The public utility in Glasgow, Ky., began delivering cable TV service via municipally owned network infrastructure in 1989, after community members complained about their cable company.
At the time, the existing cable company offered the 15,000-person community 24 channels of programming for $14.25 per month. Facing competition from the Glasgow Electric Plant Board (EPB), the company dropped its monthly fee to $5.95 for 45 channels, said EPB Superintendent William Ray.
The EPB introduced broadband Internet services a few years later -- charging residential customers $25.90 per month for T1 speeds -- and recently unveiled digital cable and HDTV.
Glasgow's decision to build a municipally owned broadband network made city residents among Kentucky's first to enjoy widespread broadband availability, according to Ray. Thirty other Kentucky communities followed Glasgow's lead.

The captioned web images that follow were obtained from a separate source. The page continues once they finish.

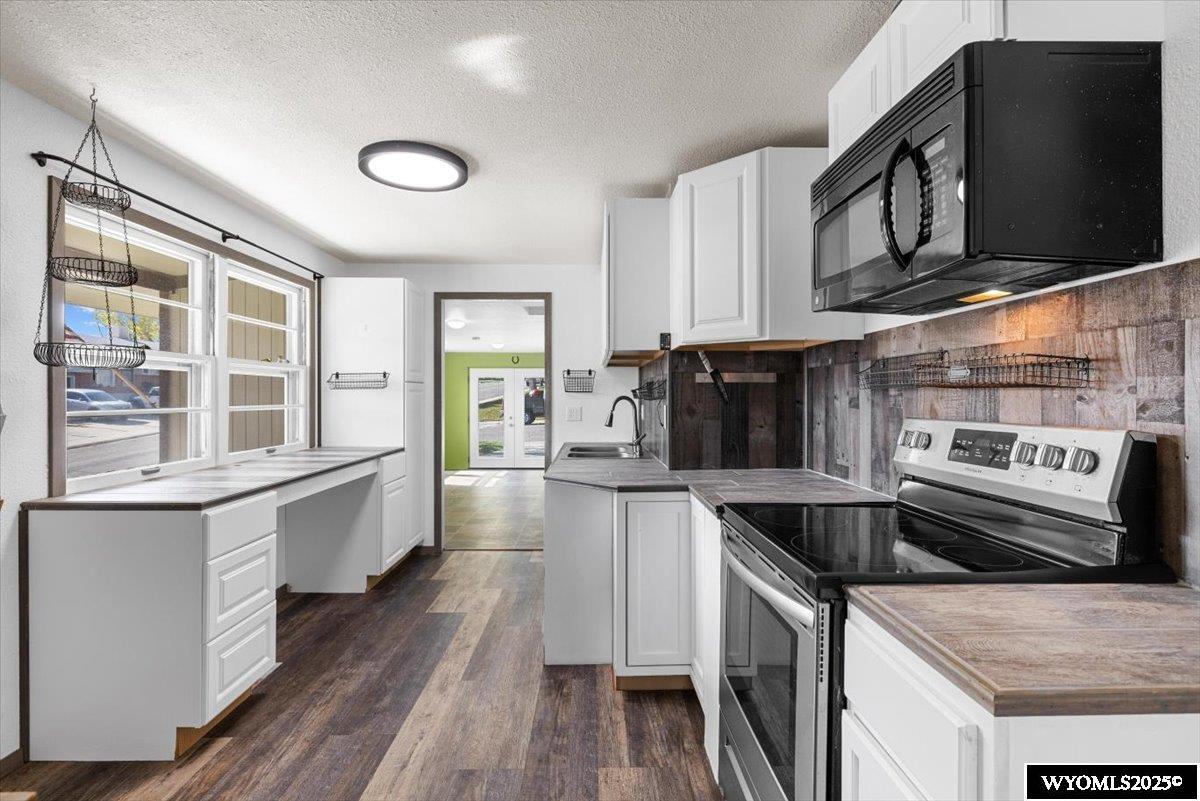 1920 Kingsboro Road Casper, WY 82604 - Photo 11 of 45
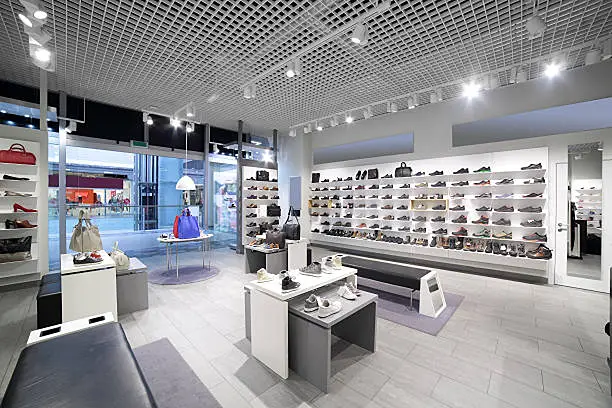 Vitrine requintada para loja de varejo
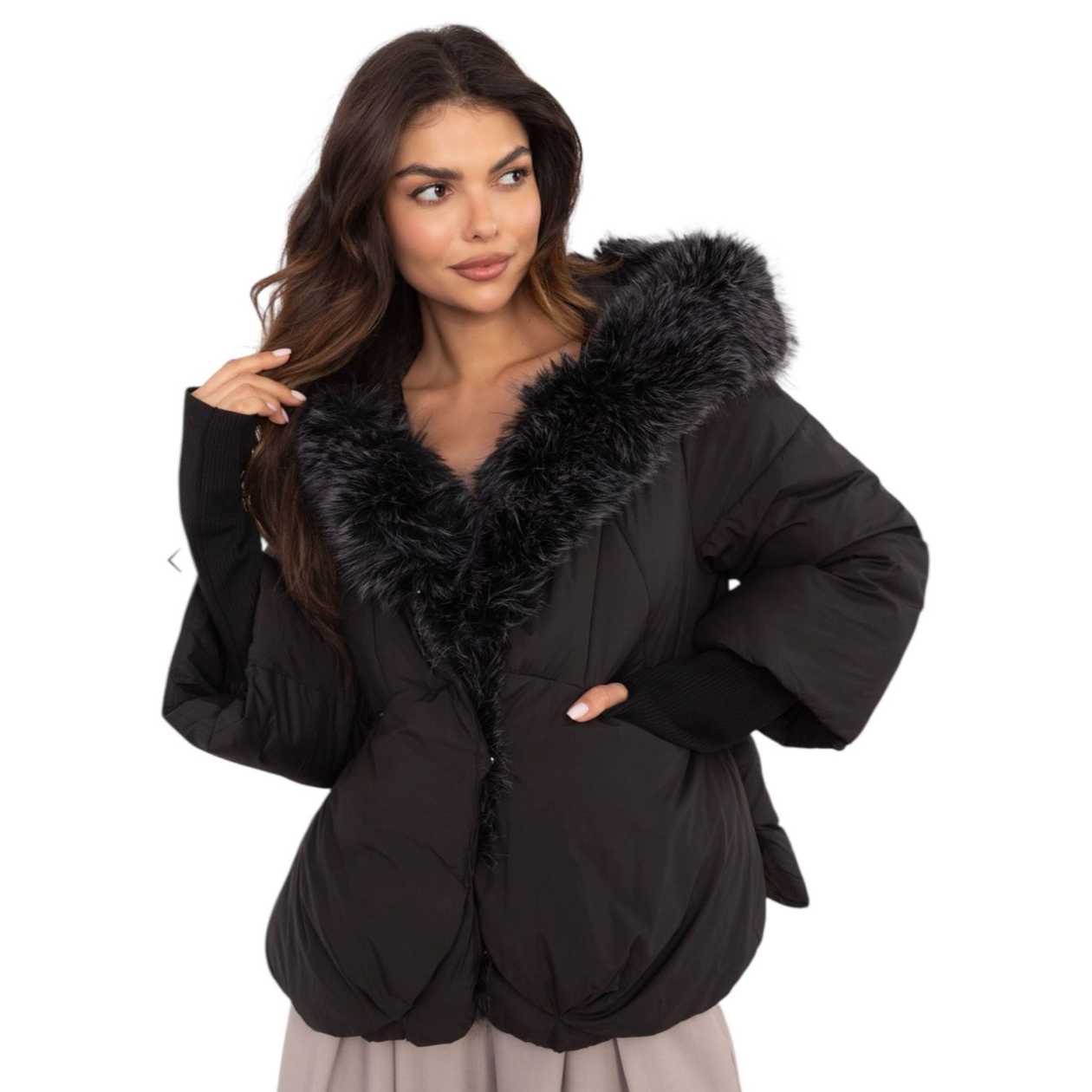 Kožušinová zimná bunda v čiernej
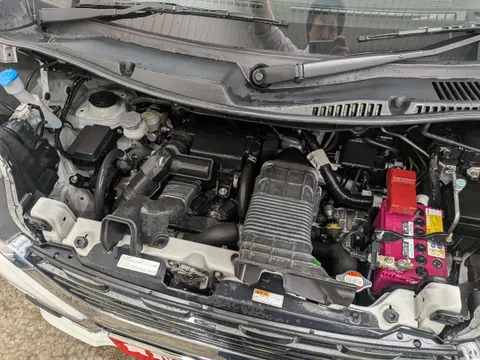 Suzuki Spacia Custom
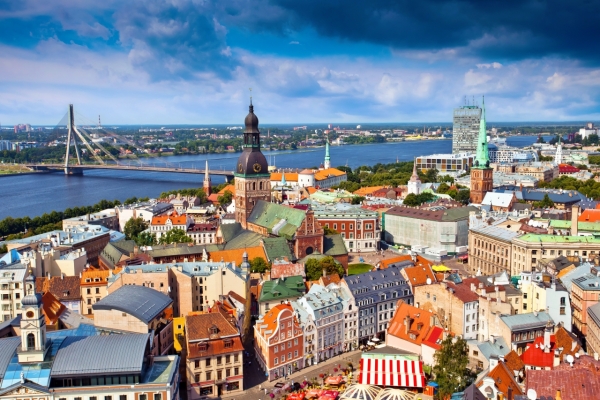 OECD praises Latvia for growth, calls for more focus on reducing inequality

Across the nation, approximately 570 publicly owned electric utilities offered some kind of community broadband services at the end of 2003, up from 511 reported in 2002, according to a survey conducted by the American Public Power Association (APPA) of its members.
But a recent U.S. Supreme Court decision may slam the brakes on that activity. In a Missouri case ruling, the court upheld states' power to stop municipally owned utilities from entering the broadband market. Ray and others worry the decision will trigger waves of state legislation barring municipal utilities from offering cable and telecommunications services.
"We've got to assume this is the precursor to new laws being introduced," said Ray, adding that several states already have laws on the books prohibiting municipalities from offering telecom services. "In those states, I think the battle is over. Now it really gets into political will and your individual risk aversion situation."
Opponents of the practice say it's about time states clamped down. Utilities may view their entry into these markets as bringing needed resources to underserved communities, but detractors see unfair competition. They say utilities -- as quasi-governmental entities -- have no place in the market, standing toe-to-toe with private companies.
"You have a couple of problems," said Thomas Lenard, senior fellow and vice president of research for the Progress & Freedom Foundation (PFF). "One is that typically these are losing propositions for taxpayers of the locality. The taxpayers of the municipality are being forced to make a very bad investment in terms of their taxpayer dollars.
"These are goods and services that are typically provided by the private sector," he said. "One of the reasons these are losing propositions for these localities is they are in head-to-head competition with private telephone and cable companies. This is a very competitive business. It's a low margin and high fixed-cost business. The private companies in it, many are having trouble surviving."
Government Entry Into the Telecom Business: Are the Benefits Commensurate With the Costs?, a research report co-authored by Lenard released in February as part of the PFF's "Progress on Point" series of policy reports, studies three municipalities and determined that the benefits of each municipality's entry into the telecom market didn't offset the costs.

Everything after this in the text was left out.